### Exercise objective
Two lines mark the range in the entries below: the one holding "Rousseau Drehbarer Barhocker" and the one holding "Nedis Lightning - USB-C (uros) -kaapeli, 1m". Set down those two and all lines between them, exactly.

[Crawled caption data]

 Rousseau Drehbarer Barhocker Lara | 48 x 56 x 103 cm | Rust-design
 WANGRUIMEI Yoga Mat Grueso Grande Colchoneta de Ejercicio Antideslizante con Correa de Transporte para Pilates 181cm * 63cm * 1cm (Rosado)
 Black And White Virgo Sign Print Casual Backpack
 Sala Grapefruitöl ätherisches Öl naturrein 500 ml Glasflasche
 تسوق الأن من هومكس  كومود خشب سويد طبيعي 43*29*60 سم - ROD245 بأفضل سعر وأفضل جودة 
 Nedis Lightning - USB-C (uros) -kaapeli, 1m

...

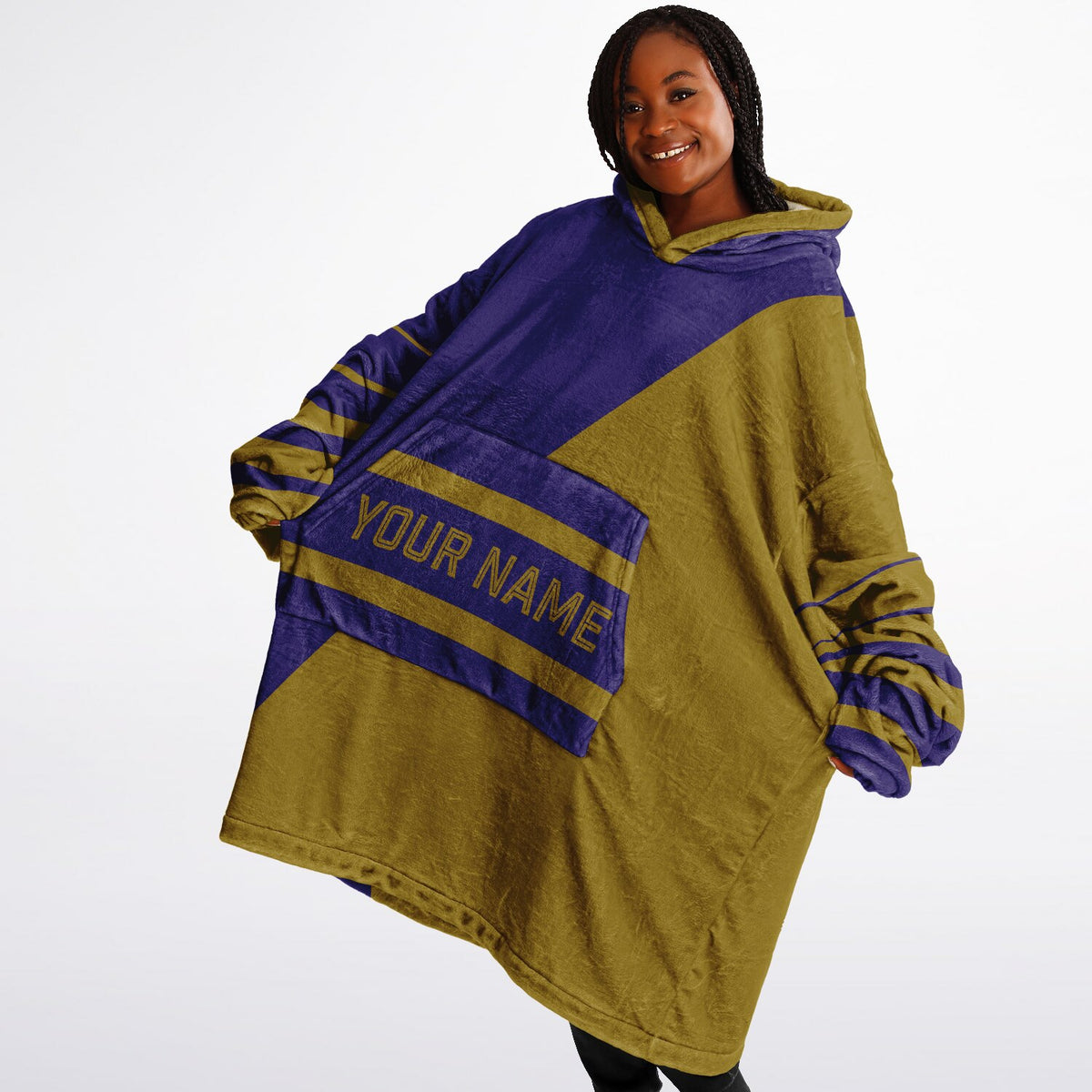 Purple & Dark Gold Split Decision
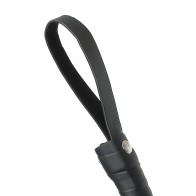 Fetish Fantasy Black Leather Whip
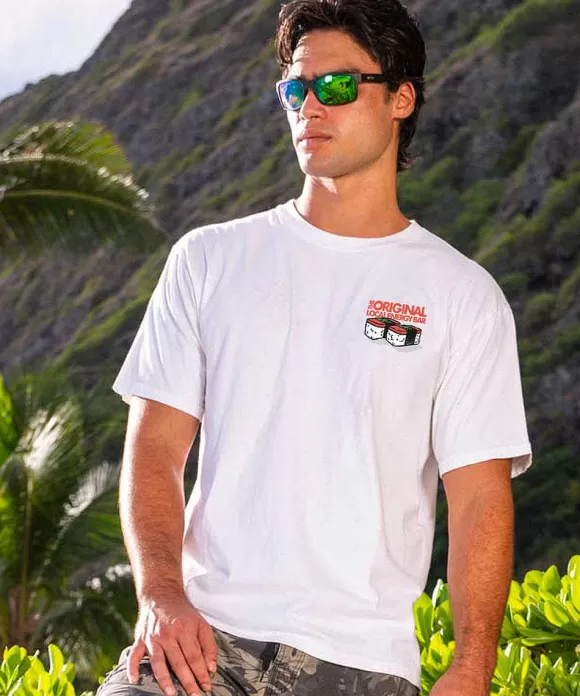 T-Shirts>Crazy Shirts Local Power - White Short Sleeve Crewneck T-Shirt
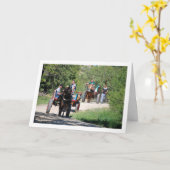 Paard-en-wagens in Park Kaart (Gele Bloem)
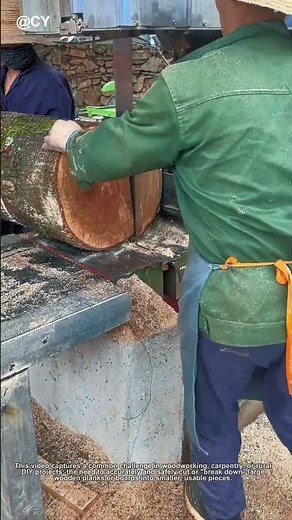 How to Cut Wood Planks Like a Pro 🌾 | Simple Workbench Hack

---

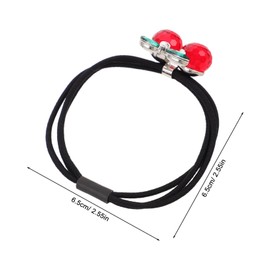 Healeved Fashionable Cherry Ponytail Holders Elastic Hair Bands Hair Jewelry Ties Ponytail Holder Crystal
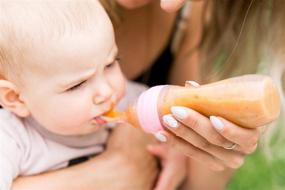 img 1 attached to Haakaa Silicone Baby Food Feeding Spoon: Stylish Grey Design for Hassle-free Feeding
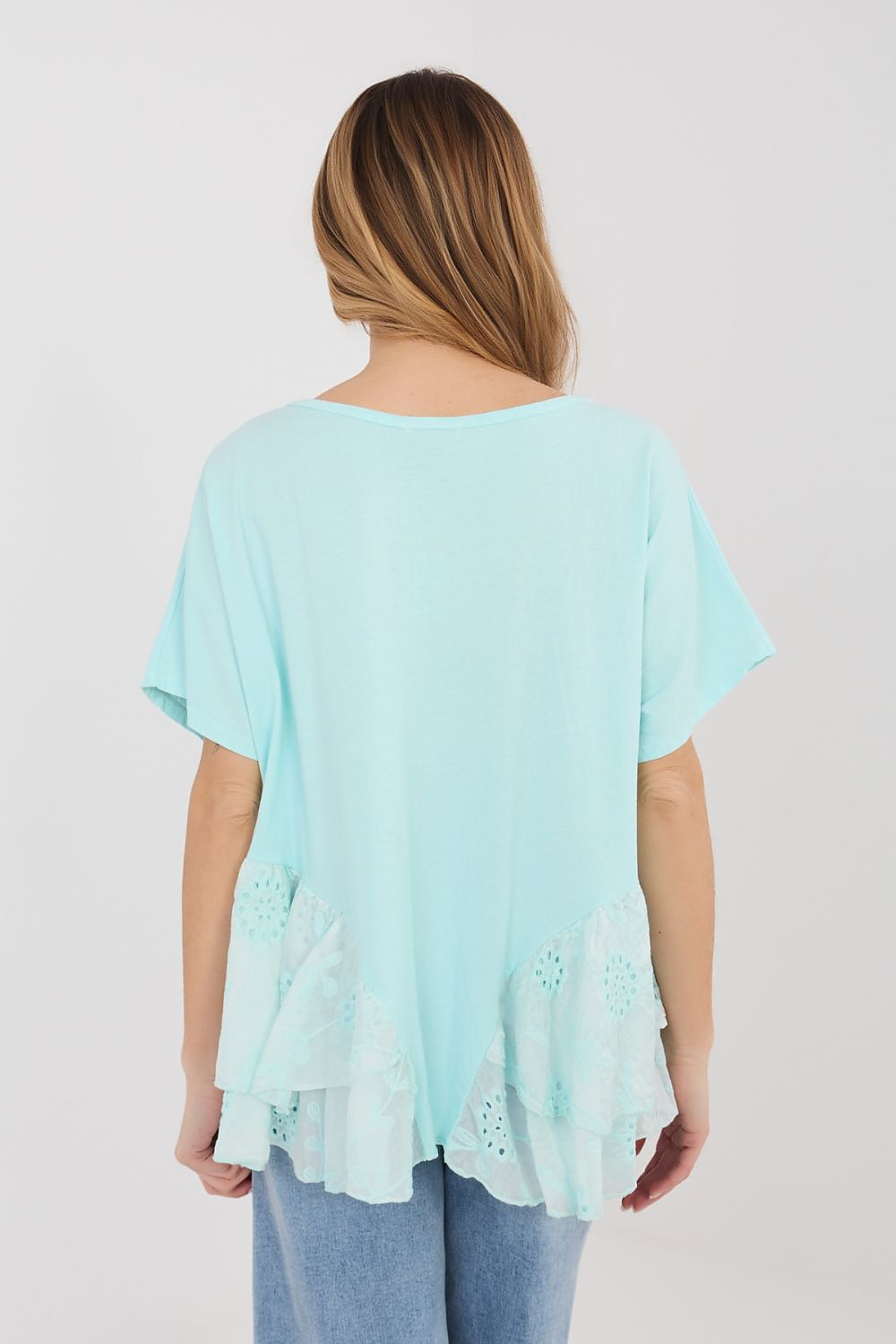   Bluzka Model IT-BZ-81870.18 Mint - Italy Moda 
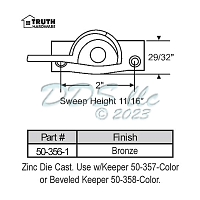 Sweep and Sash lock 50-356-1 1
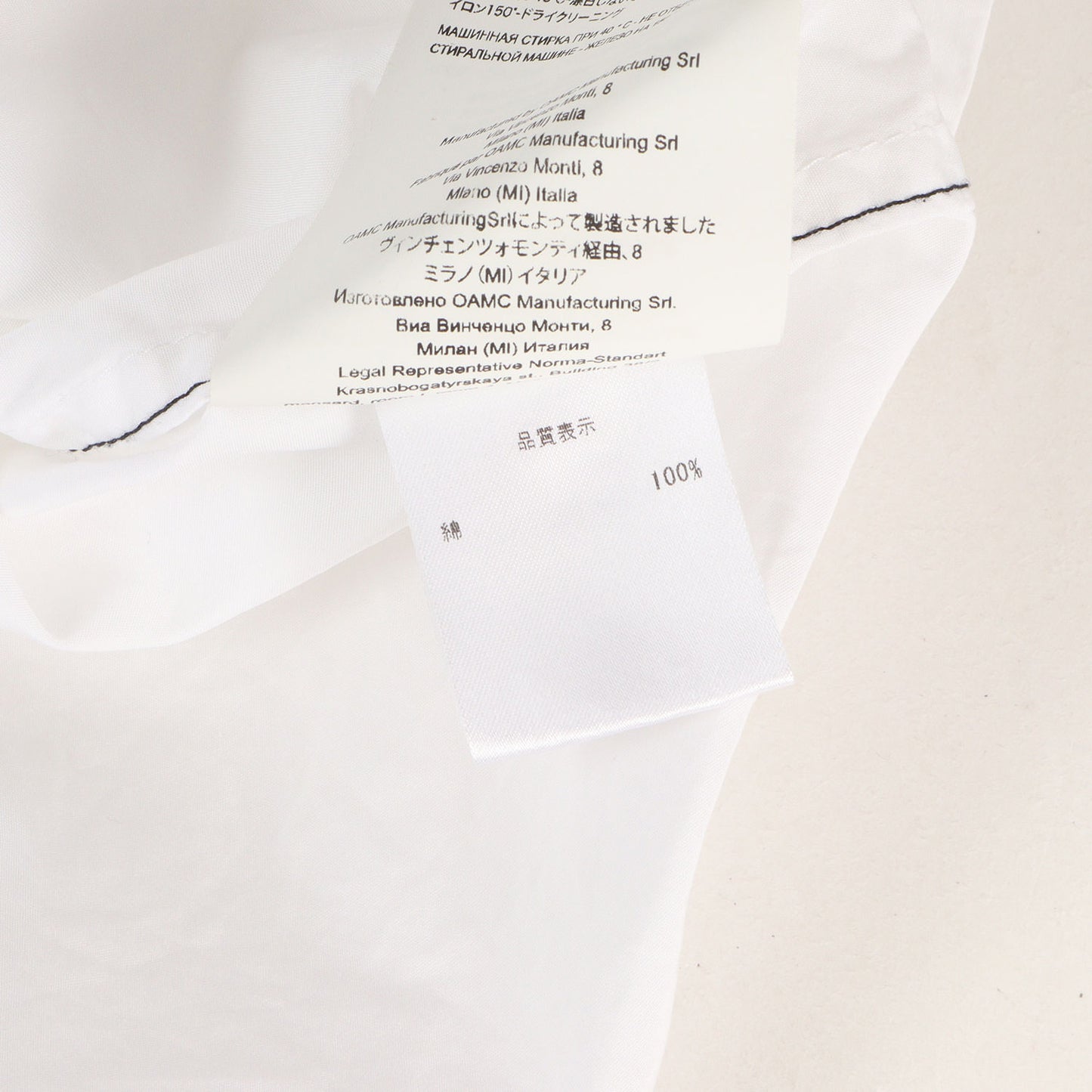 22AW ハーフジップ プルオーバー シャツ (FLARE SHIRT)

### Written solution
 Rousseau Drehbarer Barhocker Lara | 48 x 56 x 103 cm | Rust-design
 WANGRUIMEI Yoga Mat Grueso Grande Colchoneta de Ejercicio Antideslizante con Correa de Transporte para Pilates 181cm * 63cm * 1cm (Rosado)
 Black And White Virgo Sign Print Casual Backpack
 Sala Grapefruitöl ätherisches Öl naturrein 500 ml Glasflasche
 تسوق الأن من هومكس  كومود خشب سويد طبيعي 43*29*60 سم - ROD245 بأفضل سعر وأفضل جودة 
 Nedis Lightning - USB-C (uros) -kaapeli, 1m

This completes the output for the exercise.